- Okpho Location in Burma
- Coordinates: 18°7′N 95°40′E﻿ / ﻿18.117°N 95.667°E
- Country: Myanmar
- Region: Bago Region
- District: Tharrawaddy District
- Township: Okpho Township

Population (2014)Urban
- • Total: 11,525
- Time zone: UTC+6.30 (MST)

= Okpho =

Okpho (အုတ်ဖို; also spelt Okpo) is a small town and seat of Okpho Township, Tharrawaddy District, in the Bago Region of southern-central Myanmar.
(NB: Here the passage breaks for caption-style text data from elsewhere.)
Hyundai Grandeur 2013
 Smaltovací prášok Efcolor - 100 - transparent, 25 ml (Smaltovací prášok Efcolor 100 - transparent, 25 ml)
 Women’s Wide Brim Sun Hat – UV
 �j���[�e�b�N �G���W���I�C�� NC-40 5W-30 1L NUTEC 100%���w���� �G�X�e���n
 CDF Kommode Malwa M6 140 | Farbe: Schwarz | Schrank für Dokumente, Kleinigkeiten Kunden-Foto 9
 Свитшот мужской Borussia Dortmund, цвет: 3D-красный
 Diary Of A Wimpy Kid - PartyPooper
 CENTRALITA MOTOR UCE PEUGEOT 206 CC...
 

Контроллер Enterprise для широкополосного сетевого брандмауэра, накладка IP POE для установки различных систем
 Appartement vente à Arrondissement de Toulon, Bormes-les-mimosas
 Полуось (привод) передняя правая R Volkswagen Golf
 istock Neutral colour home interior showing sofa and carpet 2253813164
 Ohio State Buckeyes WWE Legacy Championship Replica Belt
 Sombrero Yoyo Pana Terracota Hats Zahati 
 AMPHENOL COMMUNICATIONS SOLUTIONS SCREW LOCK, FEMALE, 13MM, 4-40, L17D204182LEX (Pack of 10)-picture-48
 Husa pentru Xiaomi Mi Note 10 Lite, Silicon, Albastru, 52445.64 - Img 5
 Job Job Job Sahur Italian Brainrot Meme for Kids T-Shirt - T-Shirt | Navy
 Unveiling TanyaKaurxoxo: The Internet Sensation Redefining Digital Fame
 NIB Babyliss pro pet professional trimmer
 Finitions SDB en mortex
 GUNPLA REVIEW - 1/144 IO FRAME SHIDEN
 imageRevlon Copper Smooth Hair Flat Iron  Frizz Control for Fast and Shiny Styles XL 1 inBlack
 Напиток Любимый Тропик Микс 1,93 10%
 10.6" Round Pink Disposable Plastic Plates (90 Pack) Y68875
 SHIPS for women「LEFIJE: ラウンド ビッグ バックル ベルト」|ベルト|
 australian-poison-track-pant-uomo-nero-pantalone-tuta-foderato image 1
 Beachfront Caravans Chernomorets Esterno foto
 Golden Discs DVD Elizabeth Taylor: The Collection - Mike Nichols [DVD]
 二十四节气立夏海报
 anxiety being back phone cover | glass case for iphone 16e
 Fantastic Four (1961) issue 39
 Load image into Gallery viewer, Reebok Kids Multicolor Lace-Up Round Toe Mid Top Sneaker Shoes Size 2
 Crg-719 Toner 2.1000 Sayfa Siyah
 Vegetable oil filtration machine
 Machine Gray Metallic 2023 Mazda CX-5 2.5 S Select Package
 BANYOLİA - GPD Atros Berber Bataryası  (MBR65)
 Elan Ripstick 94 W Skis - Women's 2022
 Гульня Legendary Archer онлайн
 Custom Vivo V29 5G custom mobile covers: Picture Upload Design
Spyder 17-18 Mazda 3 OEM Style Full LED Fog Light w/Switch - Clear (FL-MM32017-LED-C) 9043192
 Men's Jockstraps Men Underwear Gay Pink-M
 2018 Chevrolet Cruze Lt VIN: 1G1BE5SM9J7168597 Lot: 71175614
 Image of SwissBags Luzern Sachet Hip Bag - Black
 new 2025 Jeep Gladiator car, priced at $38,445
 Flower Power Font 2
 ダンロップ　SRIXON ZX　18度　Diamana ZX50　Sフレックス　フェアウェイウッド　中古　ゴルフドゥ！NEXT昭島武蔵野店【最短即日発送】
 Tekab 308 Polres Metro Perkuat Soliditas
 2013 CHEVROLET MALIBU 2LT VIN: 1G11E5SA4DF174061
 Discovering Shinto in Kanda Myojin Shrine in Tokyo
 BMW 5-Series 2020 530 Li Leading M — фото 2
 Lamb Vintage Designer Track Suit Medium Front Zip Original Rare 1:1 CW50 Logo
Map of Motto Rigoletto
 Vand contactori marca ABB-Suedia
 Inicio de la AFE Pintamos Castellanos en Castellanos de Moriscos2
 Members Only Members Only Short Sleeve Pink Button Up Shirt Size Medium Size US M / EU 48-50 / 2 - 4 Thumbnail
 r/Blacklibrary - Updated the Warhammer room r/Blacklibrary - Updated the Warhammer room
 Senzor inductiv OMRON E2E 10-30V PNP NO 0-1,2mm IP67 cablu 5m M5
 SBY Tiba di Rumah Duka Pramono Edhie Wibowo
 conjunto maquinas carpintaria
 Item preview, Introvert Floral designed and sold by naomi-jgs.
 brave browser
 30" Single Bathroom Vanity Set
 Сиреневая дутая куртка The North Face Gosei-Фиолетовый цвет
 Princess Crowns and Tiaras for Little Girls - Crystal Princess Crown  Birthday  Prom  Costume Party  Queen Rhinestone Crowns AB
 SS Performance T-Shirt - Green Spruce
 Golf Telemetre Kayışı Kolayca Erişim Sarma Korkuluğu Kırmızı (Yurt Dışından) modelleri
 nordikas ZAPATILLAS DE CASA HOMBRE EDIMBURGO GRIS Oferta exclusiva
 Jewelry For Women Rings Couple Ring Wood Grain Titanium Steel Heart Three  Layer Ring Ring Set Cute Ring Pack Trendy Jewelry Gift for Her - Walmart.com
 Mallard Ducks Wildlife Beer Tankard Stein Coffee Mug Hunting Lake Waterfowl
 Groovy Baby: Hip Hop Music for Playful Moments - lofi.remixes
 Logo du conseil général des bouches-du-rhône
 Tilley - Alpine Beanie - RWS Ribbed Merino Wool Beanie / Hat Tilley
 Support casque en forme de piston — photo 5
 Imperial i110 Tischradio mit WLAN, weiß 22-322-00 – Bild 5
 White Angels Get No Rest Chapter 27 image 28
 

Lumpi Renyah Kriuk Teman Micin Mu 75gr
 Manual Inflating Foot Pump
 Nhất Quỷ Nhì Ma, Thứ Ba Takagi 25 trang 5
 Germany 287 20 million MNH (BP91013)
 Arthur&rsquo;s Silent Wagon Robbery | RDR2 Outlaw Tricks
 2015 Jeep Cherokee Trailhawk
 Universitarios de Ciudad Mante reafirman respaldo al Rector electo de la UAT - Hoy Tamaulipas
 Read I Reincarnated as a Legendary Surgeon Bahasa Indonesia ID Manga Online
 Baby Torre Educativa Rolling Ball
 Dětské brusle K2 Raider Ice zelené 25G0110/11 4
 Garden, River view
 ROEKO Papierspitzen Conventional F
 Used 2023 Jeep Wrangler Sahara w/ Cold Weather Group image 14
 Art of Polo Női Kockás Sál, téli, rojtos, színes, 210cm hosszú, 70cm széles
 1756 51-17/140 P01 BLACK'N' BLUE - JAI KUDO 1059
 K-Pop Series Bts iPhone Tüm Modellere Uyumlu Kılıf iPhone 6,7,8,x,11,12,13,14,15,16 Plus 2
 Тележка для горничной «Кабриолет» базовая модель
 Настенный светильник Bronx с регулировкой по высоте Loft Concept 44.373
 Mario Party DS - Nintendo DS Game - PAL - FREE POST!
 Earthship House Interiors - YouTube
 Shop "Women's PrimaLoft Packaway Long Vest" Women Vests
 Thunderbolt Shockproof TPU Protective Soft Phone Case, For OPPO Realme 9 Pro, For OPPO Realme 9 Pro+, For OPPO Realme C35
It lies south of Gyobingauk and north of Minhla. It contains a hospital, a pagoda, and an open ground in the town centre. It is located 177 km north of Yangon. The Okpho Railway Station is operated by Myanmar Railways and the town also contains a police station.

Father J.B Bringaud was reported to have been in the area 4 mi west of Okpho in November 1862.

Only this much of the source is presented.